What you need to do = Omit any pictures, and restate word for word only the lines from the one with "a milk tas chocolate" through the end of the data below.

Items from a dataset:

···

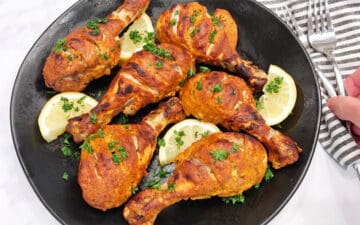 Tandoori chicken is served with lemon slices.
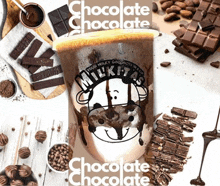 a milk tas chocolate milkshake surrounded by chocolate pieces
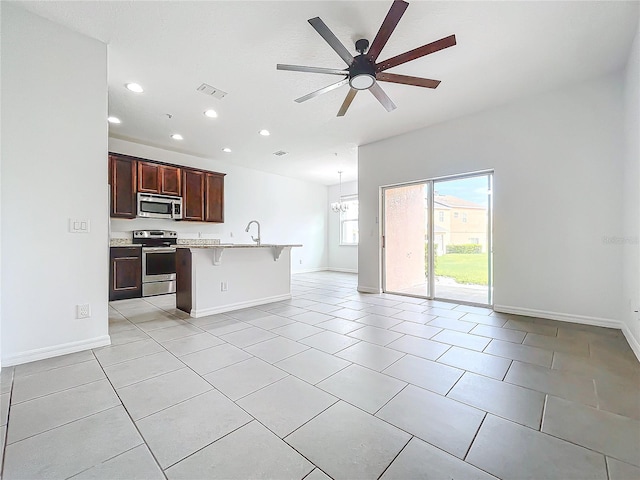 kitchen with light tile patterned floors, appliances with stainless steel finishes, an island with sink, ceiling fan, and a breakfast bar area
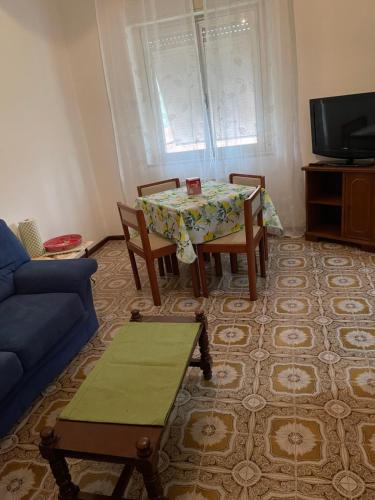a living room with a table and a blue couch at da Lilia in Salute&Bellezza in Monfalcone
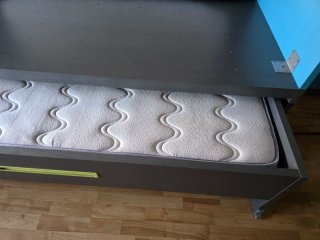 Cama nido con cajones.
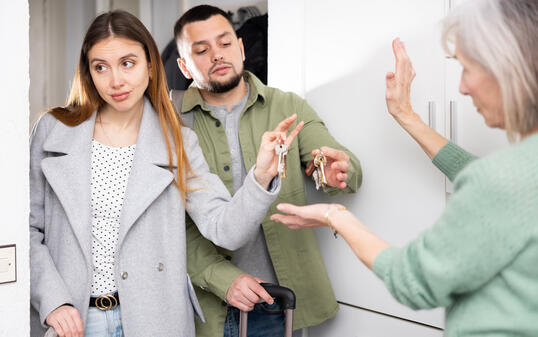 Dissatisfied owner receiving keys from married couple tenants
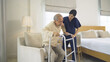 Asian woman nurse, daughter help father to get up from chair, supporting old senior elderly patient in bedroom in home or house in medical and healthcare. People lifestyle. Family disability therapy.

···

Answer to the exercise =
 a milk tas chocolate milkshake surrounded by chocolate pieces
 kitchen with light tile patterned floors, appliances with stainless steel finishes, an island with sink, ceiling fan, and a breakfast bar area
a living room with a table and a blue couch at da Lilia in Salute&Bellezza in Monfalcone
 Cama nido con cajones.
 Dissatisfied owner receiving keys from married couple tenants
 Asian woman nurse, daughter help father to get up from chair, supporting old senior elderly patient in bedroom in home or house in medical and healthcare. People lifestyle. Family disability therapy.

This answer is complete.